Dans le métro, hier, un
bonhomme est entré vêtu d'un pardessus d'hiver ; d'un véritable
«coat des neiges», comme dit Simon. Avec une tuque sur
la tête et des gants. Un peu plus, il aurait été chaussé
d'une paire de bottes, mais il ne portait définitivement pas des
sandales.
Tous les passagers faisaient
semblant de ne pas le regarder, mais j'en sais, comme moi, qui se
sont dit qu'avec le plus cinq qu'il faisait quand je suis sortie
de la maison, ils auraient dû s'habiller comme lui.
Je ne suis pas la mode. Ni
aucune de mes collègues au bureau. Même ma mère s'est toujours
défendue de porter le mauve du jour ou le tailleur du dernier
cri. Mais pour les périodes de l'année, nous sommes tous, y
compris les hommes, des idiots. Vient le printemps et nous
retirons de nos placards tout ce qui pourrait être utile pour
encore quelques jours. - Quelques jours ? - Des semaines, cette
année. - L'été approche et si j'ai vue ma voisine sortir en «shorts»

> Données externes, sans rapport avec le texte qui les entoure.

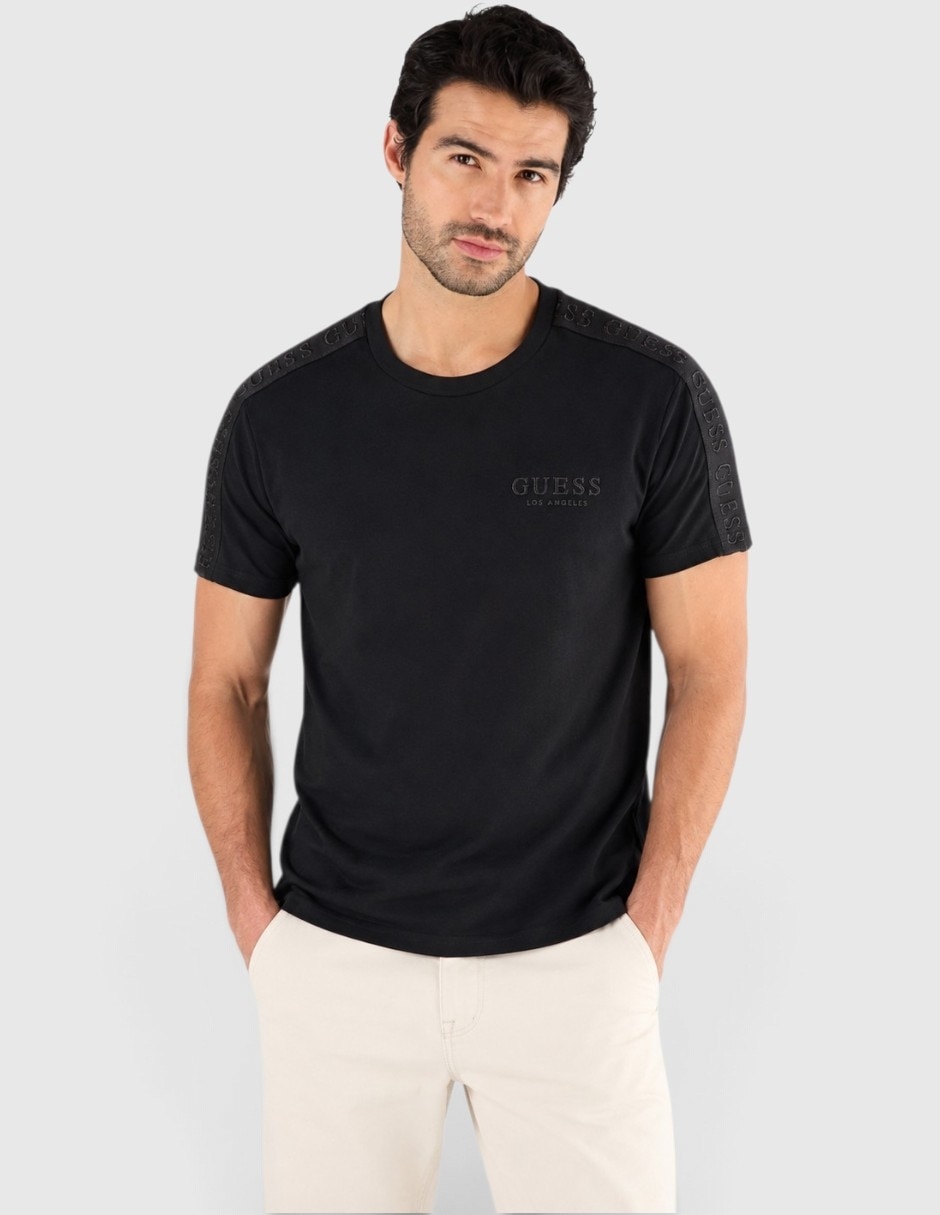 Playera cuello redondo para hombre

deux fois depuis le début d'avril, je ne me souviens pas d'une
seul journée où un chandail n'était pas un luxe. - Faut dire
qu'elle...
Ce sont des choses comme
celles-là qui me font penser que j'ai hâte de vieillir pour
avoir assez de front (de personnalité ?) pour me vêtir
convenablement.
D'ailleurs, j'ai déjà commencé
: je ne porte plus de petites culottes, que des
confortables. Après tout je ne sort plus pour aller trouver MON
prince charmant. Et si j'en trouve un, je suis certaine que ses
sous-vêtements seront en état de décomposition.
George
*
069-2019-05-06
Tofu, glucides, protéines, gras saturés...
Paraît que le guide
alimentaire canadien a été récemment amendé ; que le précédent
avait été trop influencé par le producteurs laitiers. Paraît
que le petit déjeuner, le matin, a une certaine importance, mais
que cette importance a fortement été exagérée dans le passé
par les distributeurs de céréales en boites, notamment les
terribles frères Kellog, des adventistes du septième jour. Paraît
qu'il a du bon et du mauvais cholestérol ; qu'il faut manger des
légumes et des fruits en abondance ; que les aliments protéinés
sont meilleurs pour la santé que les viandes rouges ; que le
pain brun a meilleur goût que le pain blanc ; que le quinoa est
un aliment miracle et que le tofu, surtout celui coagulé avec du
chlorure de magnésium, pourrait, sous certaines conditions, nous
protéger contre l'hyperchylomicronémie, la peste bubonique et, sans doute, enfin :
je le suppose, l'épanchement hélicoïdal de la paroi
strangulaire du corps thyroïde.
Question : est-ce que vous vous
savez comment se prononce «graines de chia» ? Car, ce
serait, ça aussi, une source de protéine végétale de haute
qualité. On me dit que c'est délicieux avec avec du yogourt -
pardon : du yaourt -, le grec, naturellement. - Comme je n'en
trouve jamais chez mon épicier, je n'ose pas lui demander s'il
en vend... - Je sais : si je dis «shia», on va me dire
que ça se prononce «kia» et si je dis «kia»...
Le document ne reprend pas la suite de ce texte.